And in this way, I had lost. I had lost the support of others. I had lost the hope that I needed to survive. I had lost the battle against my own inner demons. And I had lost what was left of myself in the darkness and depression of it all.

And every year afterward, I have found myself yearning to fulfill the dream of serving in a pastoral role, one with the ability to perform the duties that come with it. And every year I do serve in one form or another. I have been a church camp dean, a Sunday School teacher, a religious education committee chair, an assistant for youth groups, and a guest preacher.

Of course, my time spent in public school special education is its own form of pastoral calling as well, but the verbal omission of G-d limits my own sense of wholeness.

And my presentations, lectures, and speaking engagements are all opportunities to share how being a transgender man, and a transgender man of faith have shaped my worldview and how I choose to live in the world. But, these talks are not sermons, nor should they be. 
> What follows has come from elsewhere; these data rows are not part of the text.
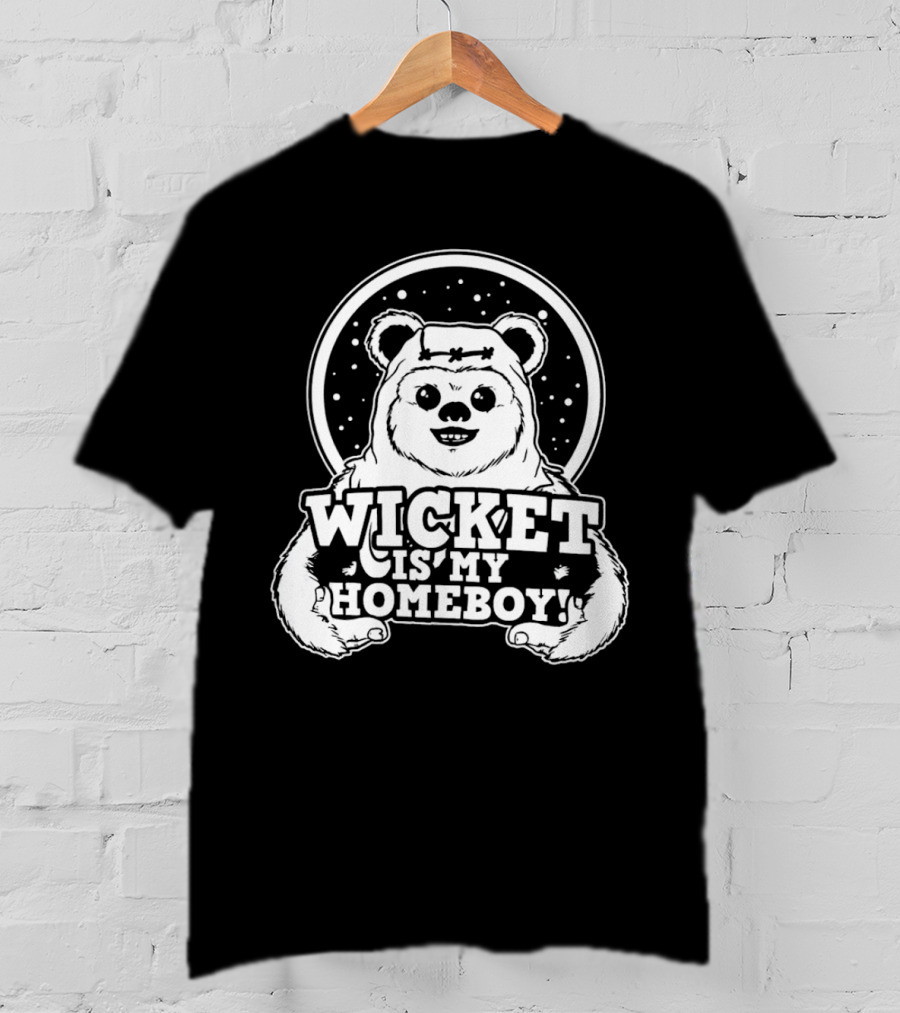 Wicket Is My Homeboy Space Bear T-Shirt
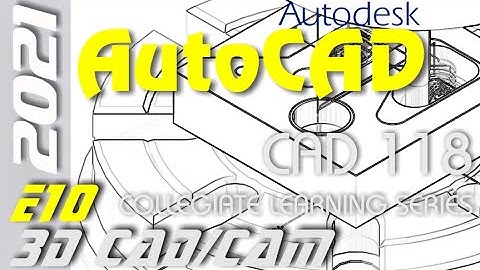 E10 AutoCAD | Subtractive Manufacturing with MasterCAM 2021 | i.e. CAD/CAM 2.5 Axis Milling Tutorial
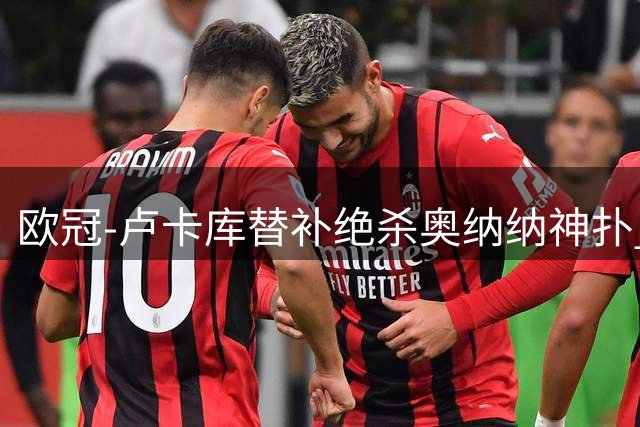 欧冠-卢卡库替补绝杀奥纳纳神扑 国米1-0波尔图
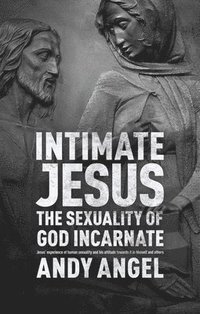 bokomslag Intimate Jesus
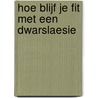 Hoe blijf je fit met een dwarslaesie door Rogier Broeksteeg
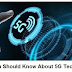 What You Should Know About 5G Technology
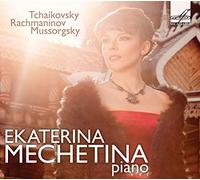 Mechetina, Ekaterina - Piotr Ilytch Tchaïkovski - Serge Rachmaninov - Modeste Moussorgski
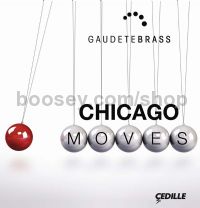 Chicago Moves (Cedille Audio CD)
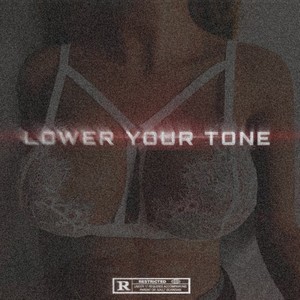 Lower Your Tone (Explicit)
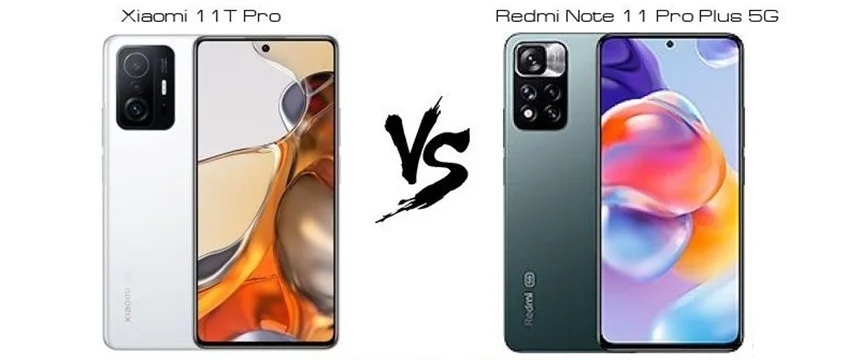 مقایسه شیائومی 11 تی پرو با ردمی نوت 11 پرو پلاس؛ کدام گوشی را بخریم؟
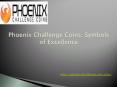 Phoenix Challenge Coins: Symbols of Excellence
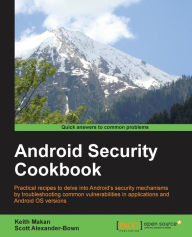 Title: Android Security Cookbook, Author: Keith Makan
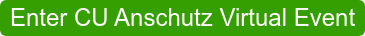 Enter CU Anschutz Virtual Event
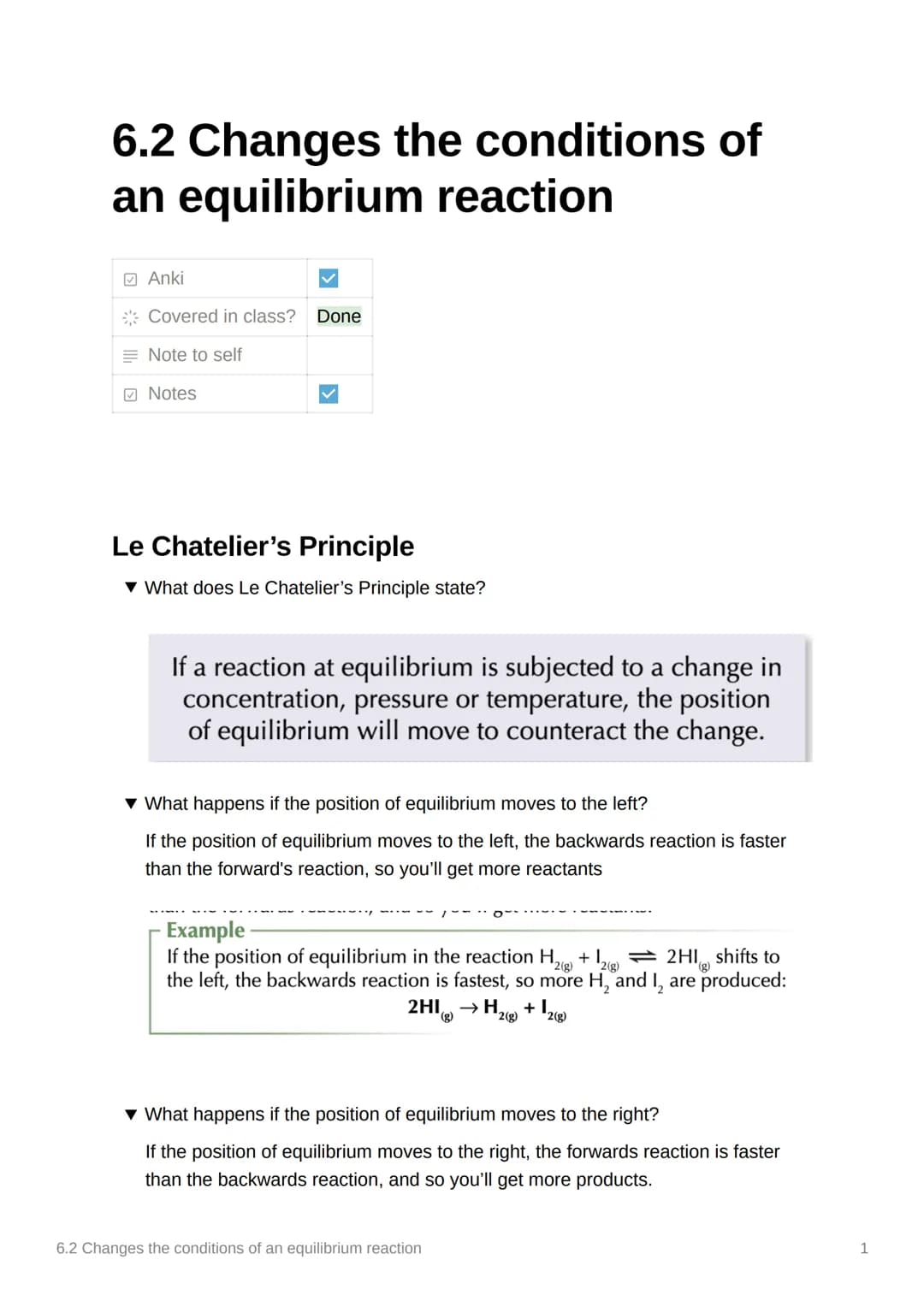 6.2 Changes the conditions of
an equilibrium reaction
Anki
Covered in class? Done
Note to self
Notes
✓
Le Chatelier's Principle
What does Le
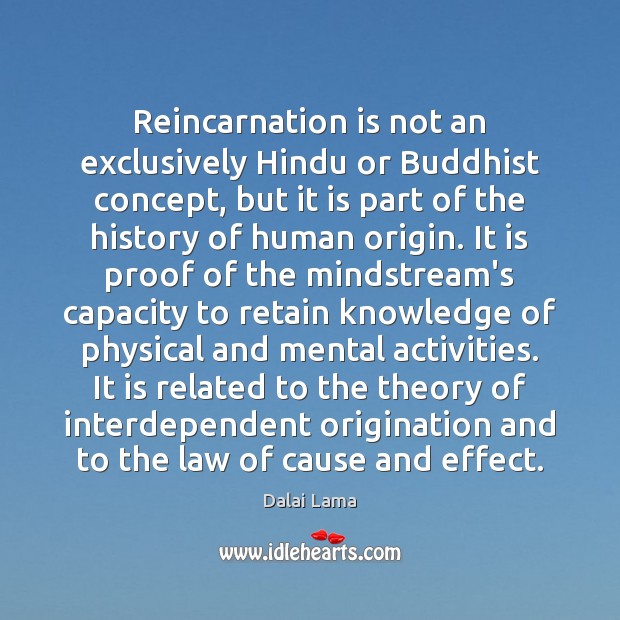 Reincarnation is not an exclusively Hindu or Buddhist concept, but it is Picture Quotes Image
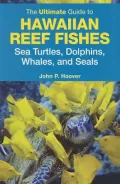 The Ultimate Guide to Hawaiian Reef Fishes: Sea Turtles, Dolphins, Whales, and Seals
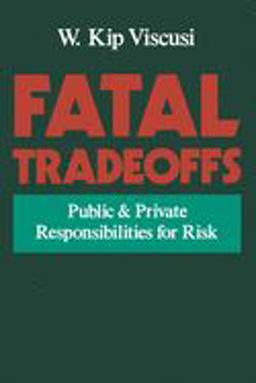 Fatal Tradeoffs Public and Private Responsibilities for Risk  9780195102932 Front Cover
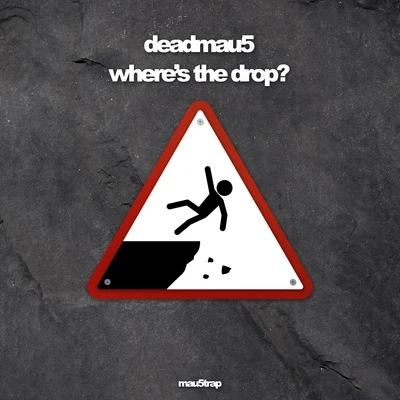 deadmau5 where is the drop?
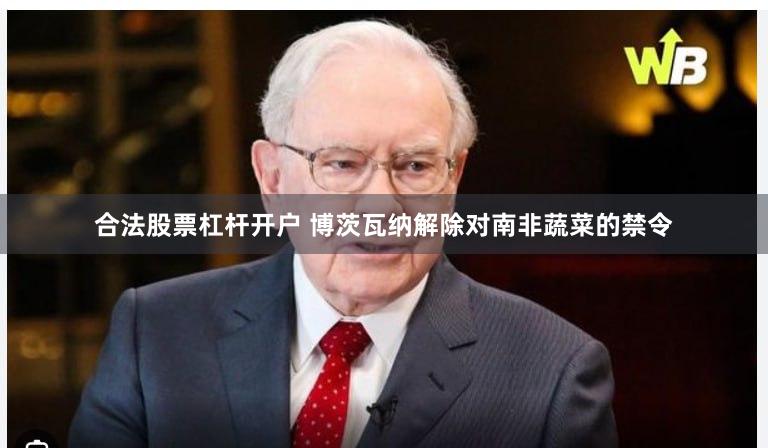 合法股票杠杆开户 博茨瓦纳解除对南非蔬菜的禁令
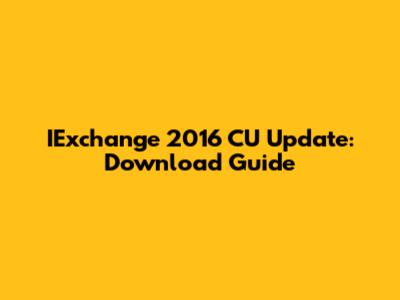 IExchange 2016 CU Update: Download Guide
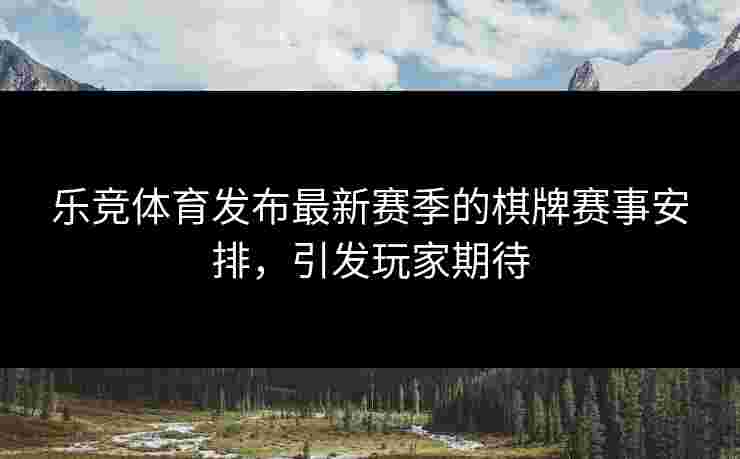 乐竞体育发布最新赛季的棋牌赛事安排，引发玩家期待
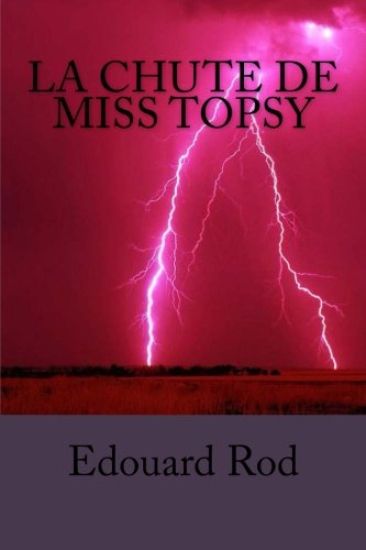 La chute de miss Topsy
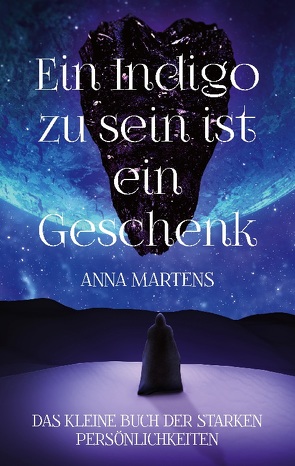 Ein Indigo zu sein ist ein Geschenk von Martens,  Anna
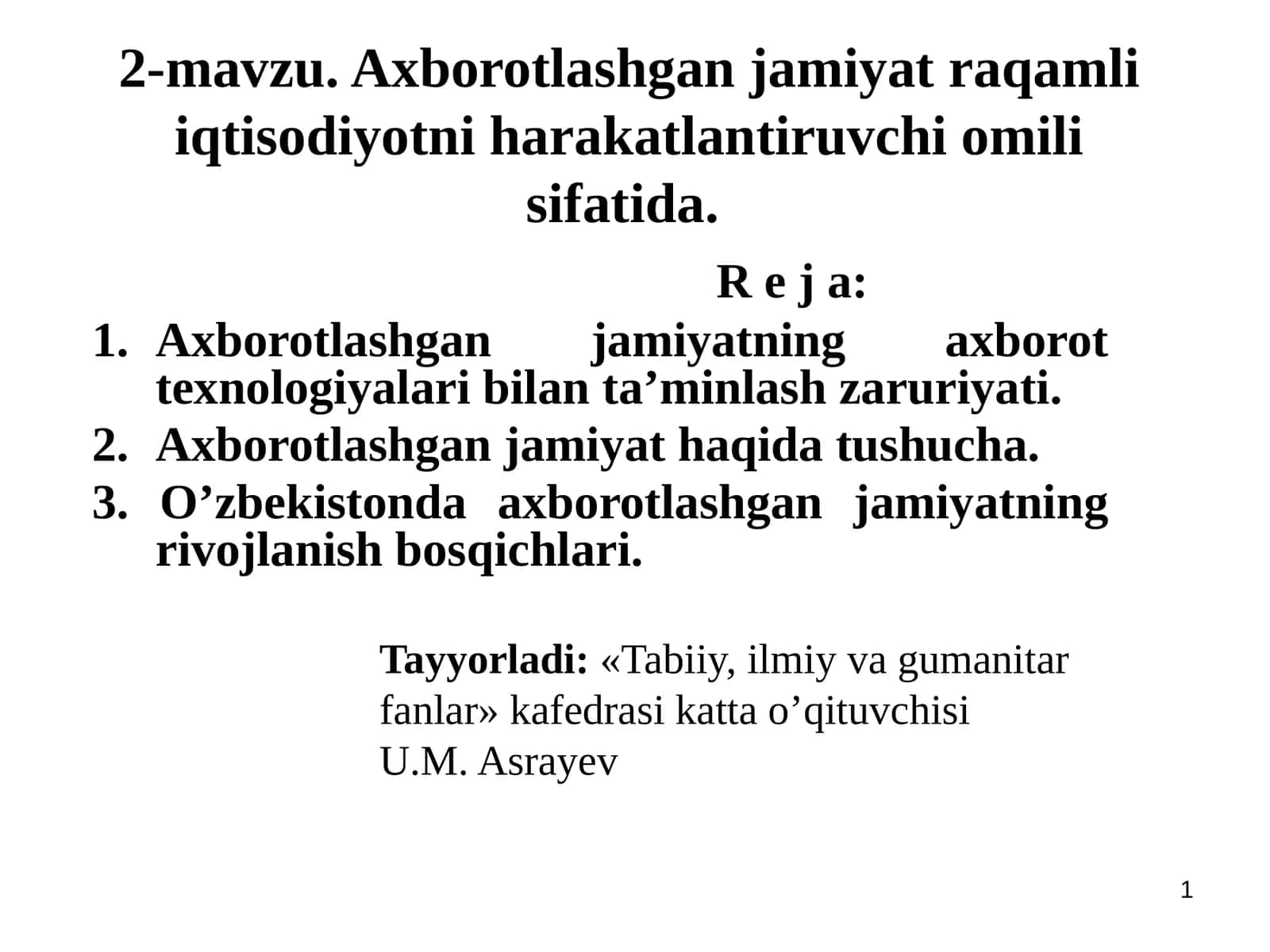 Axborotlashgan jamiyat raqamli iqtisodiyotni harakatlantiruvchi omili sifatida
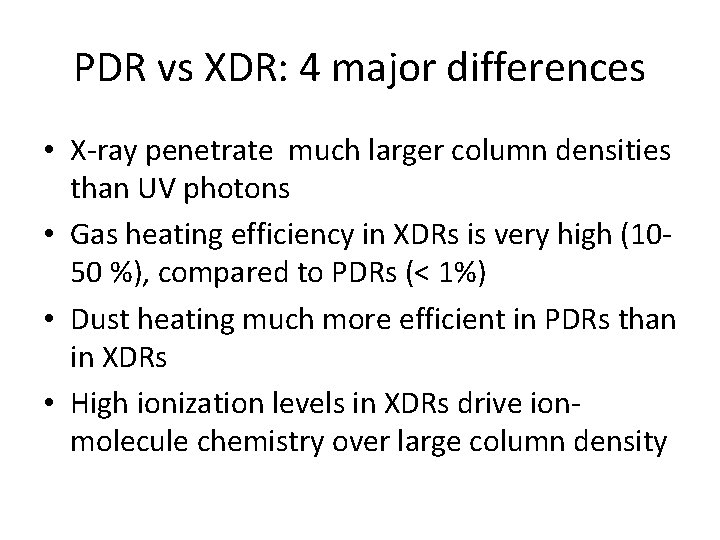 PDR vs XDR: 4 major differences • X-ray penetrate much larger column densities than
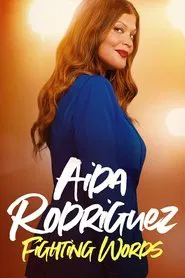 Aida Rodriguez: Fighting Words movie poster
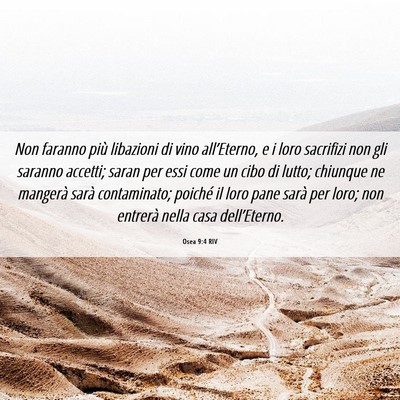 Picture 06 - Osea 9:4 RIV - Non faranno più libazioni di vino all’Eterno, - Bible Verse Picture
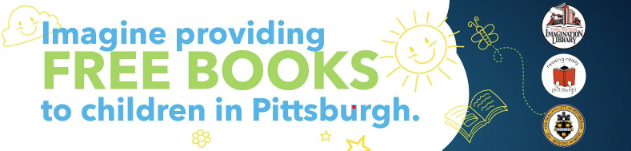 banner with drawings of clouds, sun, books and butterflies that says Imagine providing FREE BOOKS to children in Pittsburgh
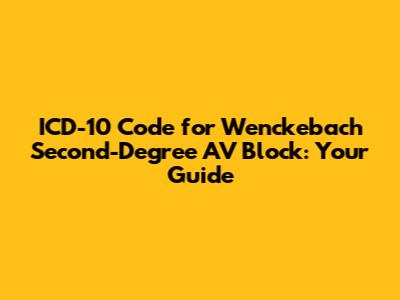ICD-10 Code for Wenckebach Second-Degree AV Block: Your Guide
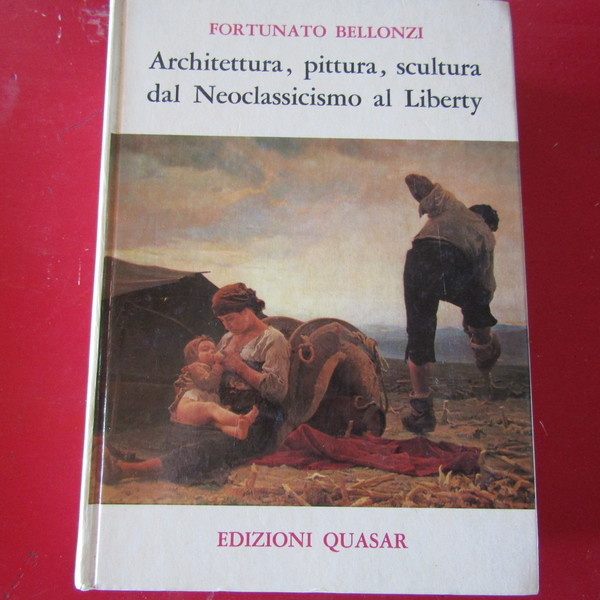 Architettura, Pittura, Scultura dal Neoclassicismo al Liberty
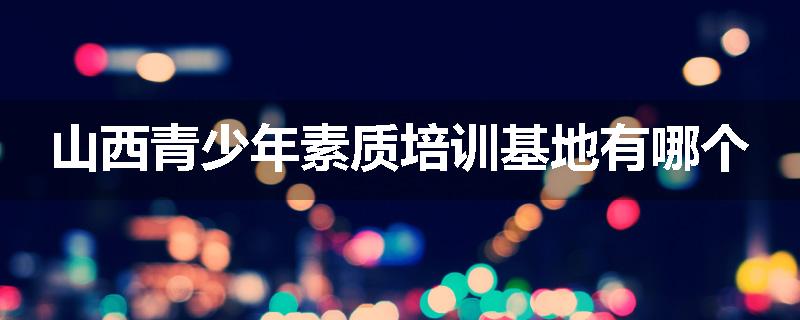山西青少年素质培训基地有哪个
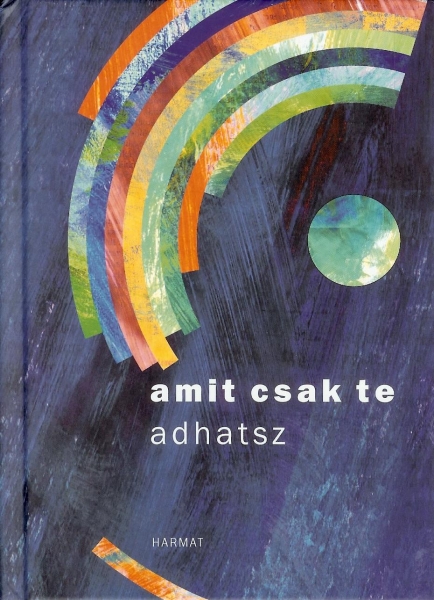 Amit csak te adhatsz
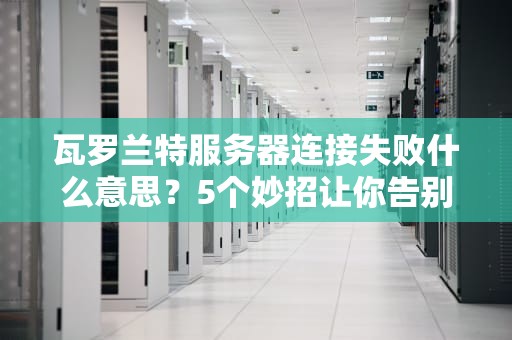瓦罗兰特服务器连接失败什么意思？5个妙招让你告别“红标”痛苦！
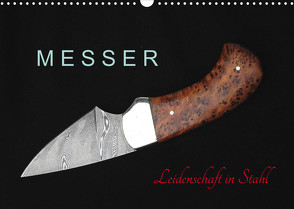 Messer – Leidenschaft in Stahl (Wandkalender 2023 DIN A3 quer) von Saal,  Heribert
Still, I want to speak the words of G-d to offer other ways of seeing the sacred and holy within ourselves and within each other.
Changed

Recently, I received wisdom from a younger than I clergy member about who I am today. As someone who had never known me prior to transition, nor seen me struggle through it, she was easily able to say that I was not the person today that I was ten years ago when I ended my seminary career. Neither am I the person who entered seminary fourteen years ago, not in body, mind, or spirit. 

Even though I've known this on an intellectual level, I couldn't hold it as truth within my heart. I was still seeing myself as a man built on a broken theology, rather than on a remade base formed out of the rubble. Like the keystone that locks all the other loose stones together, I was cut apart that way, was sought out, and was broken from the other pieces to be better than before. And to be an object of strength and unity, instead of just a pile of rocks that collapsed under their own weight.

So, for now, I still have a theology of brokenness. And, I have a belief system that tells me that even though the original may be broken, the new creation is stronger than the last. And, for now, that is enough.

Be well, love your neighbor as you love yourself, and remember to actually love yourself.